Jimmy Sellers was my best friend in the sixth grade– and best man when Peggy and I got married.  We never went to an art museum in 1982.  [This is how we would have forged the thing.  Both of our moms were NCO wives, so we would have gotten smacked.  Hard.]

Alternate title:  How to Get a Judge to Sign a Letter Rogatory.

It’s actually quite simple.  Rather like getting your mom to sign your permission slip for a sixth grade field trip to the art museum.

No, really.  There’s not a whole lot of fanfare in asking a judge to sign a Letter Rogatory for service in a non-Hague country.  Although nothing really mandates its use, this old-fashioned device can be critical to enforcing a judgment down the road.  Just mailing process to serve is usually a bad idea, and professional process servers don’t exist in civil law jurisdictions– at least not in the way we comprehend them in the common law.

If you might have to ask an overseas court to enforce a judgment against a defendant served in, say, Taiwan or Singapore, one of the first things that court will examine is how you served process.  The Letter Rogatory removes all doubt that service was effected according to the law of the jurisdiction where process is served.

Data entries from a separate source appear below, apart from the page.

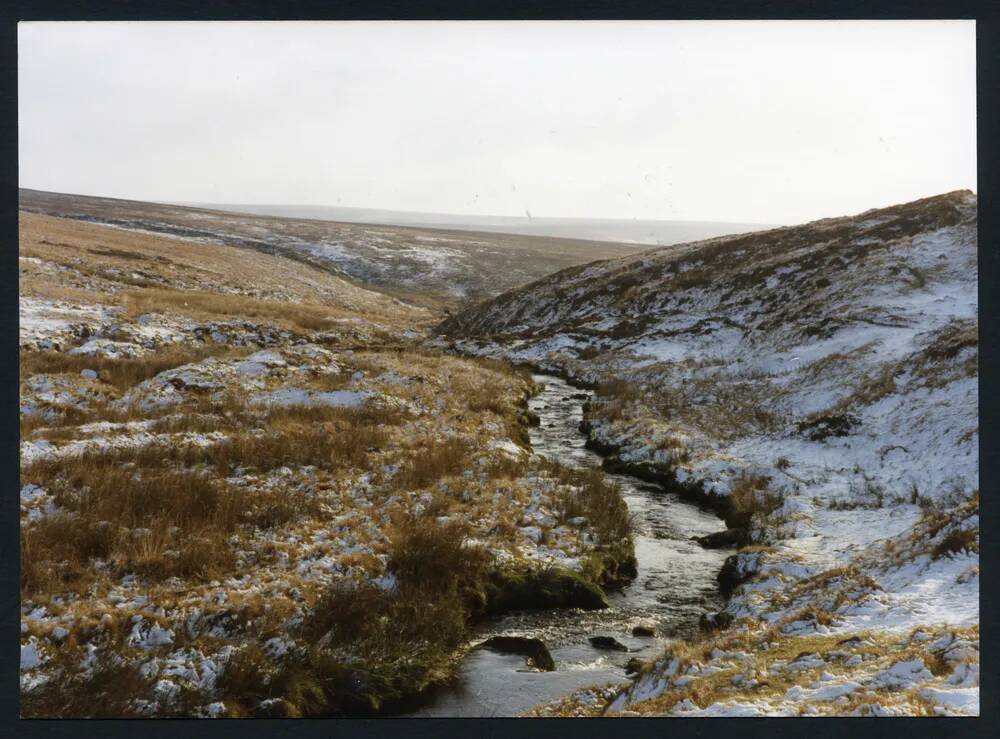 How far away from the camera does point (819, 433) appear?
15391mm

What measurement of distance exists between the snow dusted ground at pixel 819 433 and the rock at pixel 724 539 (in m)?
0.44

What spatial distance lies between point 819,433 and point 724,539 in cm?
649

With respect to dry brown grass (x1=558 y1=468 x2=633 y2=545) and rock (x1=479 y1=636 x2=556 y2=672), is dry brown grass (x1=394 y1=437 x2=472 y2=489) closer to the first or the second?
dry brown grass (x1=558 y1=468 x2=633 y2=545)

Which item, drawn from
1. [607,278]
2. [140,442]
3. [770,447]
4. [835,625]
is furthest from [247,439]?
[607,278]

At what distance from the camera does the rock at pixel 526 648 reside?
23.6ft

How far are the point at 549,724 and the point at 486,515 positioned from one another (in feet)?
15.4

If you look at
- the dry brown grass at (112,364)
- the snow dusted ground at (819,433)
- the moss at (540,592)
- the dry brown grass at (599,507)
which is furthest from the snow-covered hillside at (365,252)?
the moss at (540,592)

Unquestionably, it is natural for a practitioner– especially a newly minted associate– to feel a bit of trepidation about the procedure.  Relax.  This instrument is a pro forma device, and courts understand its validity, because they use them to request judicial assistance from state to state.  Missouri judges send Letters Rogatory to Alabama and Oregon from time to time.  It’s not a daunting task, as long as counsel explains the logic to the court.  That just requires the right vocabulary, in a Motion for Issuance of Letters Rogatory:

  • Motion:  “Hey, judge, we need (XYZ) and would appreciate it if the Honorable Court would grant our request for (XYZ).”
  • Issuance:  The judge signs the Letter, making it an officially “issued” document.
  • Letter Rogatory:  Just a note from one judge to another, asking for a little help– for service of process, compulsion of evidence, the chance to have dinner with the Chief Justice of the Constitutional Court while the American judge is in Paris on a CLE adventure (hint, hint)
  • One more term worth noting:  Execution of the Letter.  That’s what the foreign* judge does when s/he orders her/his staff to do what the Letter asks.

Simply another way to keep the wheels of justice turning.  Don’t be intimidated by it.

Unless your mom was intimidating when you asked her if you could go on that field trip in 1982.  In that case, flowers are always good.


* Foreign is a term of art, meaning anything outside the jurisdiction.  It doesn’t just apply in a “you need a passport to go there” sense.  It can also mean in the “across State Line Road” sense.  French law is foreign to Missouri, but so is Kansas law.  (Around here, we Missourians argue that Kansas is foreign to everything, but that’s all in good fun.)